At first I was a bit distraught, but after taking a step back it was clear to see that there was still work that needed to be done before it was a respectable spreadsheet. I was happy with how the spreadsheet worked, so I turned focus to creating a better User Interface and adding a built in help system. Since Resolver One is built on the .NET framework, you can add things like windows forms and controls. After a bit of fiddling with this project I was able to create a basic multi-tab embedded browser that would appear when clicking a Help button on the sheet. The browser ran in it's own thread, and you could program which pages would appear in each tab. This allowed creating HTML based help files that could be posted online or embedded directly into the spreadsheet. I also attempted to create a full tutorial system where clicking a button on a help page would perform an action on the spreadsheet (change value, highlight cell, etc), but I ran into some problems with changing the spreadsheet from a separate thread and was not able to finish this feature. I submitted the new Texas Holdem Monte Carlo Simulator spreadsheet to the competition with documentation, and was very happy with the results!
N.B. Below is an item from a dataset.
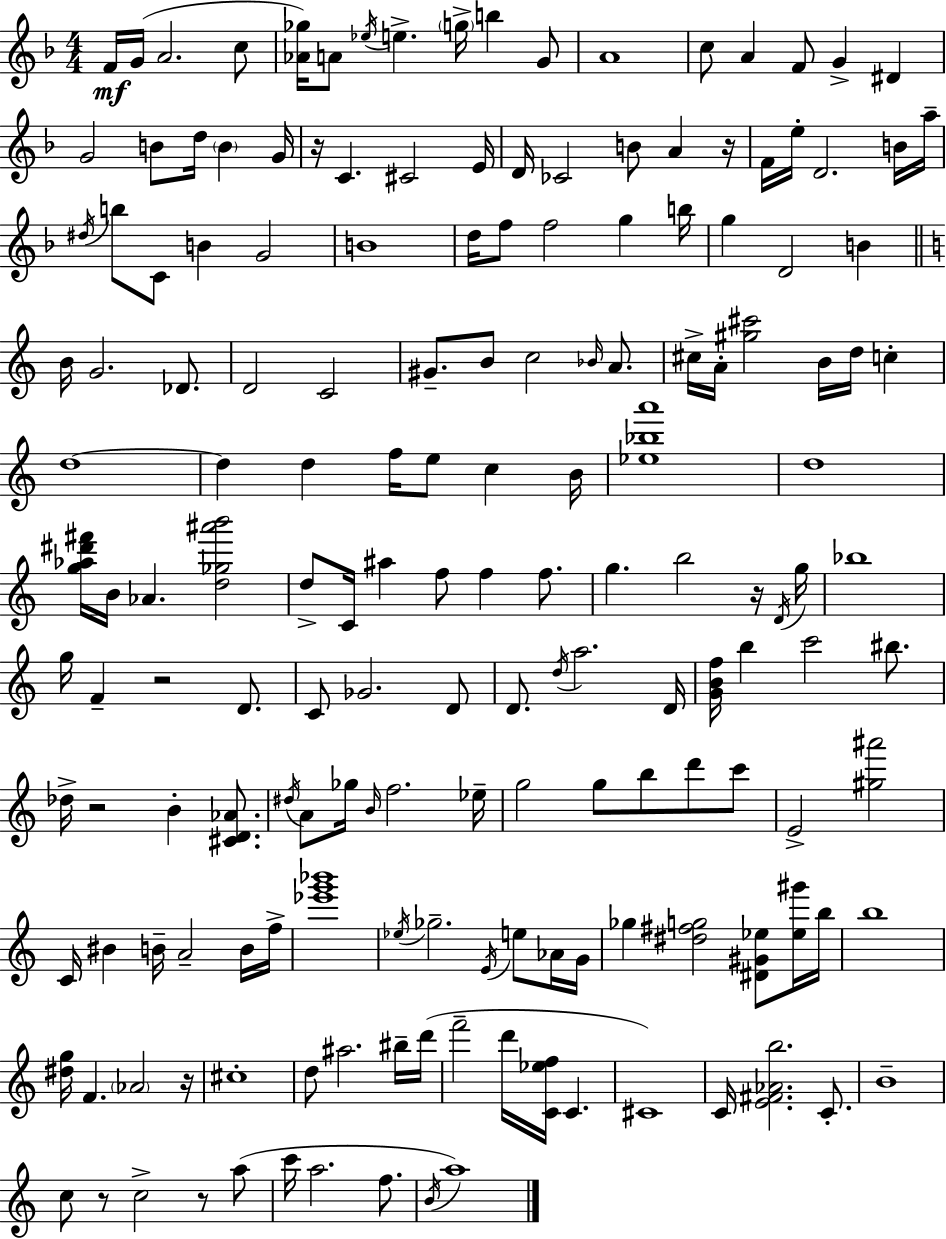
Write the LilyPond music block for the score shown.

Overall I have to say that Resolver One is a very innovative program, and while there are still some rough edges I can see a lot of potential for this to be a new killer application for spreadsheets. The basic features are very easy to use, and if you know Python or have a programming background you should be able to code up whatever special functionality you want. It reminds me a lot of when I first started using Powershell, and it is definitely something that I will keep in my arsenal of tools for attacking complex problems.